À première vue, ces photos ressemblent à des images tirées d’un vieux film catastrophe ou à un spectaculaire décor de parc d’attractions accueillant les visiteurs pour une nouvelle attraction insolite. Pourtant, ces images extraordinaires témoignent en réalité d’une tragédie bien réelle : le déraillement du Granville-Paris Express qui, le 22 octobre 1895, a fracassé la façade de la gare Montparnasse, blessant plusieurs contrôleurs ainsi qu’une poignée de passagers et coûtant la vie à une mère de deux enfants particulièrement malchanceuse.
Guillaume-Marie Pellerin avait passé une grande partie de sa vie à travailler sur les chemins de fer. Fort de ses 19 années d’expérience en ingénierie, l’Express était entre de bonnes mains. Lorsqu’il démarra les locomotives ce mardi matin fatidique et que le train quitta la gare de Granville à l’heure, rien ne laissait présager que le voyage se terminerait par l’une des catastrophes les plus tristement célèbres et les plus marquantes de l’histoire des transports.
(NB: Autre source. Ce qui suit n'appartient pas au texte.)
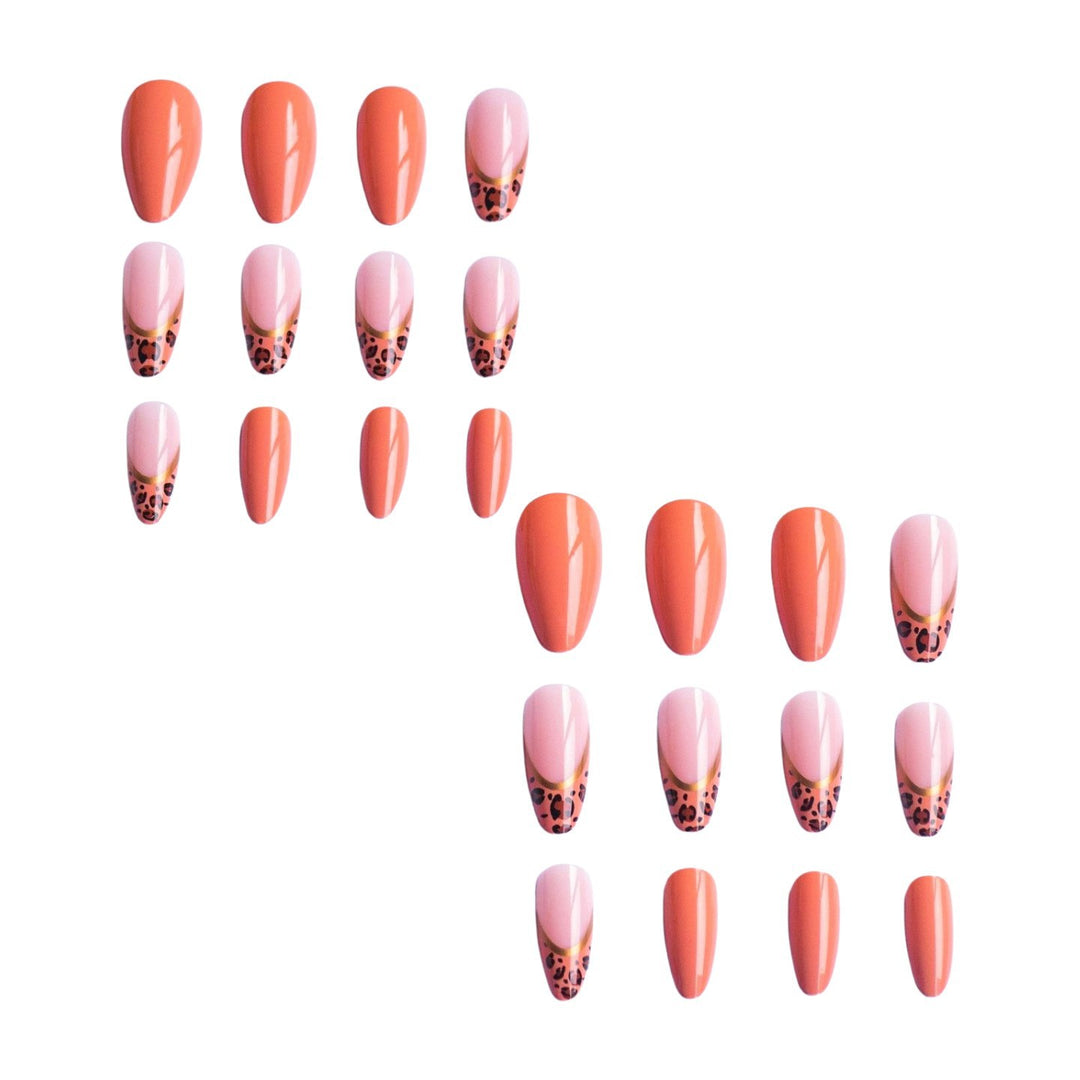 Artistic Stiletto Nail Art Set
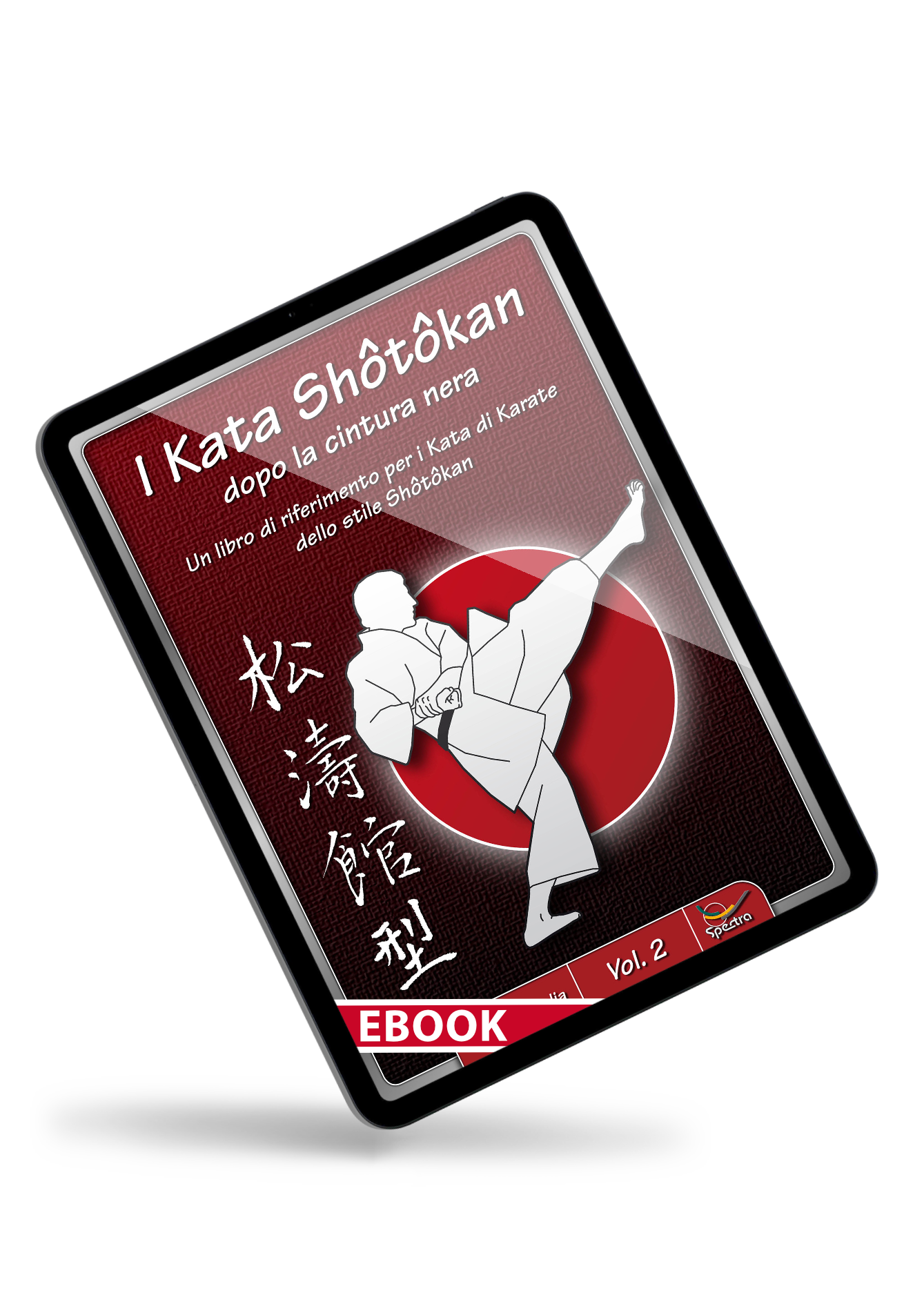 Kata Shotokan da cintura nera – eBook per i gradi Dan | Volume 2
Le trajet était relativement simple : environ 400 km séparant la station balnéaire de Granville, sur la côte bas-normande, de la gare de Paris-Montparnasse. Le train comprenait une locomotive à vapeur, trois fourgons à bagages, un wagon postal et six voitures de voyageurs. Aujourd’hui, le même trajet dure environ trois heures, mais en 1895, il en fallait plus de sept. Malgré un départ ponctuel, Pellerin et son équipe finirent par constater un retard de quelques minutes. Soucieux de respecter les délais, le conducteur prit la décision cruciale d’aborder Montparnasse à vitesse de croisière, attisant la pression jusqu’à ce que le train atteigne près de 60 km/h.
La gare en vue, Pellerin actionna le frein à air Westinghouse qui, malheureusement pour tous les participants, tomba en panne à ce moment précis. Le chef de train Albert Mariette, chargé de serrer le frein à main de secours de la locomotive, se retrouva temporairement indisponible, enseveli sous une montagne de documents en souffrance. N’ayant pas mesuré l’urgence de la situation avant qu’il ne soit trop tard, Mariette freina brusquement à quelques mètres du tampon et ne put que regarder avec horreur le train monter sur le quai, déraper sur 30 mètres à travers le hall de la gare avant de s’écraser sur la façade et de plonger sur 9 mètres jusqu’à la place de Rennes en contrebas.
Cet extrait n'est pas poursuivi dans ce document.